### Data under study
━━━━━━
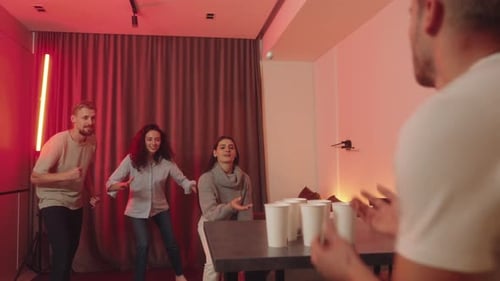 Amigos se divertindo jogando Beer Pong em uma festa em casa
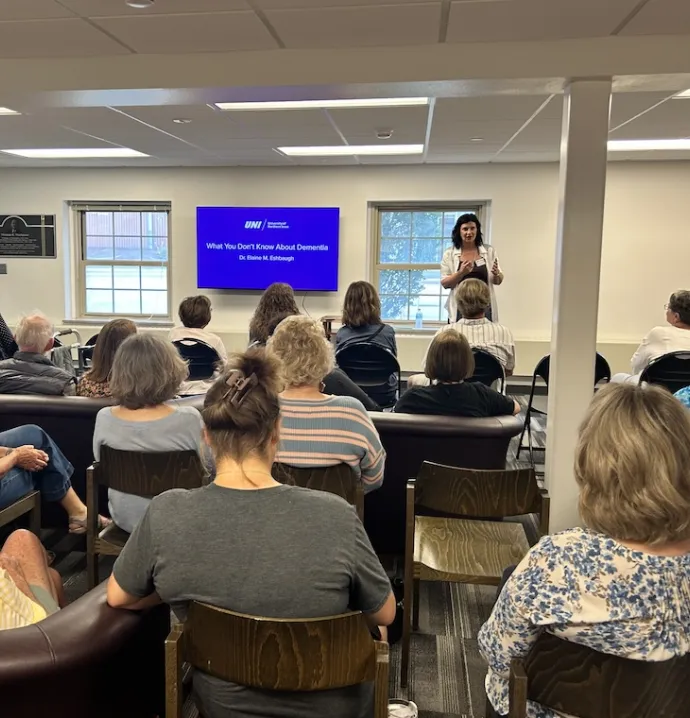 Prof. Eshbaugh speaking at seminar in front of a room of people. "What you don't know about Dementia" displayed on screen behind her.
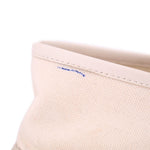 Cream canvas upper with visible side seam stitching and small blue mark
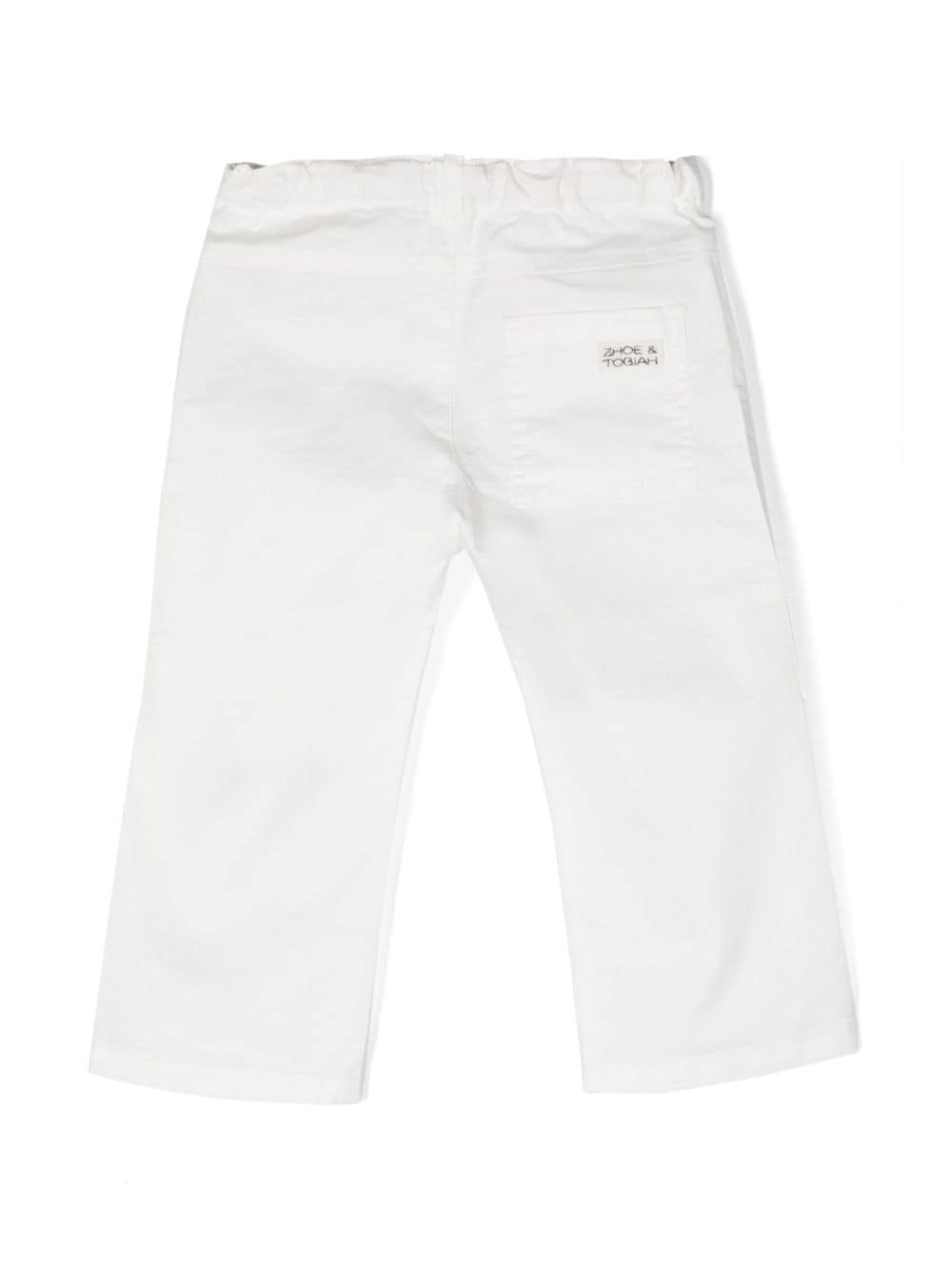Shop Zhoe & Tobiah Logo-detail Cotton Trousers In White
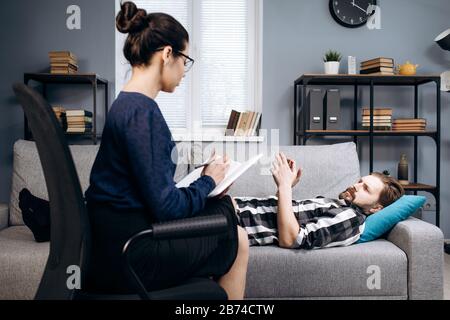 Kompetenter Psychologe, der einen bärtigen Patienten im Büro hört Stockfoto
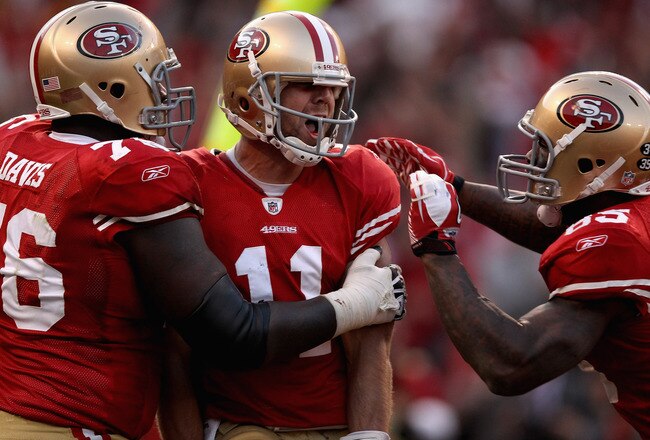 SAN FRANCISCO, CA - JANUARY 14:  Alex Smith #11 of the San Francisco 49ers celebrates his touchdown with teammates in the fourth quarter against the New Orleans Saints during the NFC Divisional playoff game at Candlestick Park on January 14, 2012 in San Francisco, California.  (Photo by Ezra Shaw/Getty Images)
━━━━━━
### Task brief
Set down every entry above exactly as written, but skip the pictures.

### Answer to the exercise
 Amigos se divertindo jogando Beer Pong em uma festa em casa
 Prof. Eshbaugh speaking at seminar in front of a room of people. "What you don't know about Dementia" displayed on screen behind her.
 Cream canvas upper with visible side seam stitching and small blue mark
Shop Zhoe & Tobiah Logo-detail Cotton Trousers In White
 Kompetenter Psychologe, der einen bärtigen Patienten im Büro hört Stockfoto
 SAN FRANCISCO, CA - JANUARY 14:  Alex Smith #11 of the San Francisco 49ers celebrates his touchdown with teammates in the fourth quarter against the New Orleans Saints during the NFC Divisional playoff game at Candlestick Park on January 14, 2012 in San Francisco, California.  (Photo by Ezra Shaw/Getty Images)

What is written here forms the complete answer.